"As a boy, I was beaten a lot by my parents and schoolmasters," says Martin Strel. "This greatly contributed to my ability to ignore pain and endure." While this partially explains how the 52-year-old Slovenian lived through world-record swims down the Danube, Mississippi, and Yangtze rivers, he'll need more than a high pain threshold to, um, brook his toughest trip yet: 3,375 miles of the Amazon, beginning in February. Here's a look at what Strel and his approximately 20-member support crew will face.
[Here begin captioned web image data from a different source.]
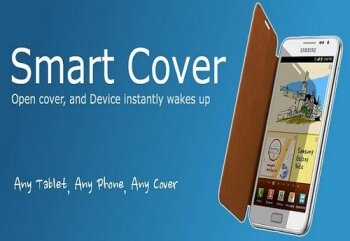 Smart Cover - автоматическая блокировка и просыпание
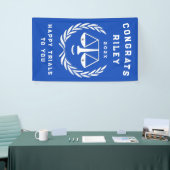 Creative Law School Afstuderen Spandoek (Beurs)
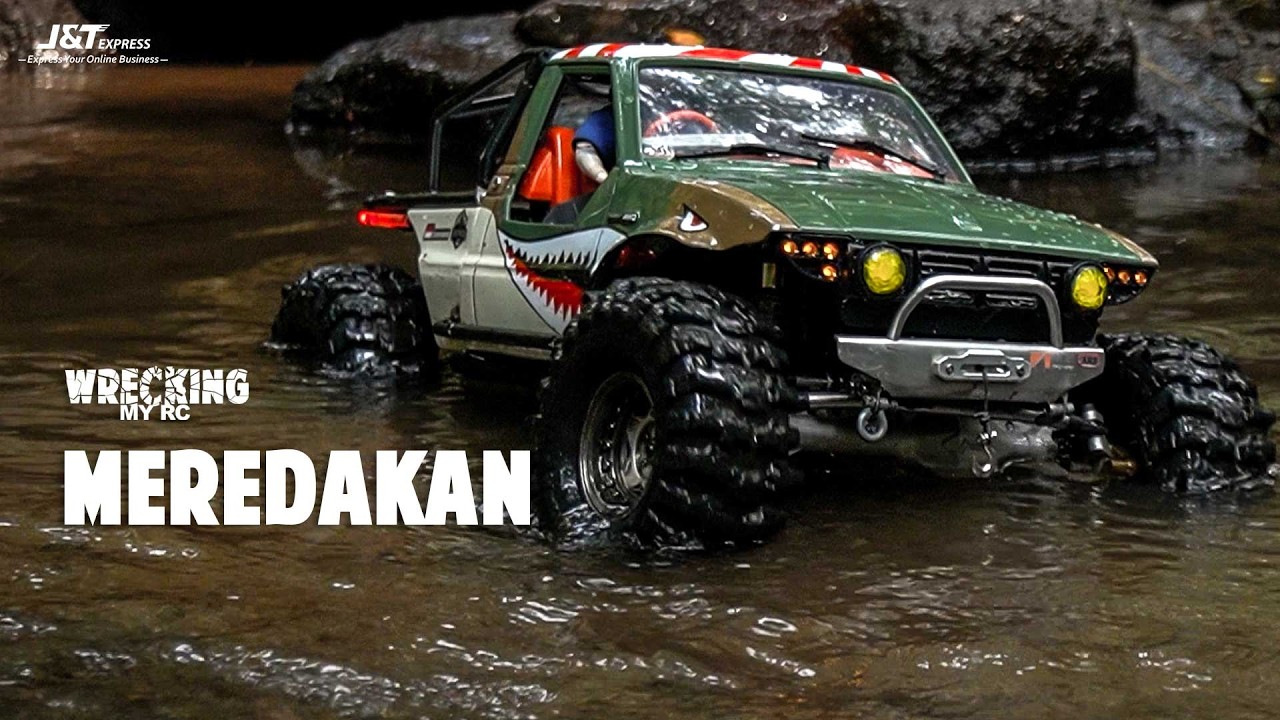 MEREDAKAN  ||  RC CRAWLER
Disease Already vaccinated against hepatitis, diphtheria, rabies, various fevers, and parasites, Strel will also take malaria pills. His defense against raw sewage from riverside villages? Luck and his team doctor.
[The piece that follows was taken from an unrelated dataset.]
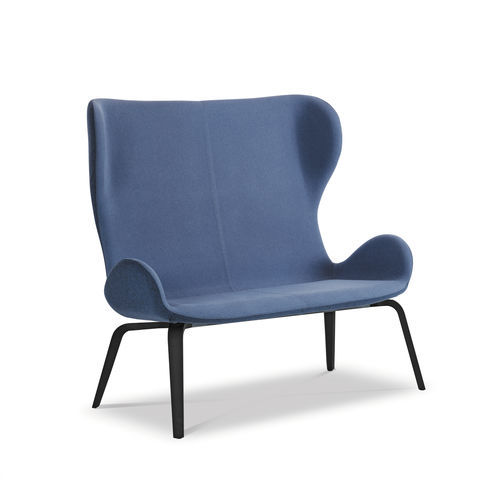 Banquette contemporaine - Dalia DVE LN TS - MIDJ - en tissu / en cuir / en simili cuir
Whirlpools At the confluence of the Amazon and the Rio Negro, Strel will have to swim around football-field-size whirlpools that could hold a person underwater.
Candiru This parasitic fish, generally one to three inches long, works its way up the urethra, where barbed spines lock it in place and make removal without surgery impossible. "It's the thing I am most afraid of," says Strel, who hopes his wetsuit will offer enough protection. "God needs to help us."
Bull Sharks Responsible for a disproportionate share of fatal shark attacks worldwide, bulls can survive in freshwater and have been sighted some 800 miles up the Amazon.
Piranhas Strel's team will carry a bucket of blood that can be dumped into the water to distract the fish in case of attack.
Pirates Strel hopes to bribe his way out of any confrontations in these sometimes lawless waters. "We have T-shirts, caps, food, and drinks," he says. "I think pirates will like that stuff." But the crew will also be armed.
Tidal Bore Tidal surges at the mouth of the Amazon can send ten-foot waves roaring upriver then rushing back out in irregular cycles. Strel will rely on coast guard forecasts to avoid them, sometimes swimming at night to stay on schedule.